* _About this exercise_
A word-for-word copy of the listing is what's needed; leave out every image.

* _Data section_
[Start of Attachment]

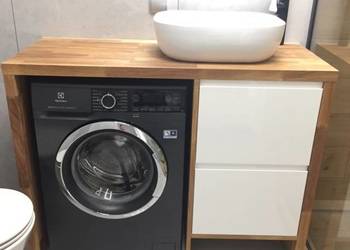 Zabudowa pralki 120- szafka pod umywalkę - meble łazienkowe na sprzedaż  Gdańsk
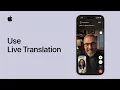 How to use Live Translation on iPhone and with your AirPods Apple Support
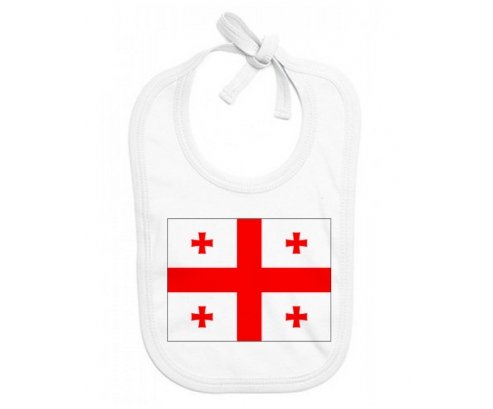 Bavoir bébé personnalisé Drapeau Géorgie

[End of Attachment]

* _Response area_
 Zabudowa pralki 120- szafka pod umywalkę - meble łazienkowe na sprzedaż  Gdańsk
 How to use Live Translation on iPhone and with your AirPods Apple Support
 Bavoir bébé personnalisé Drapeau Géorgie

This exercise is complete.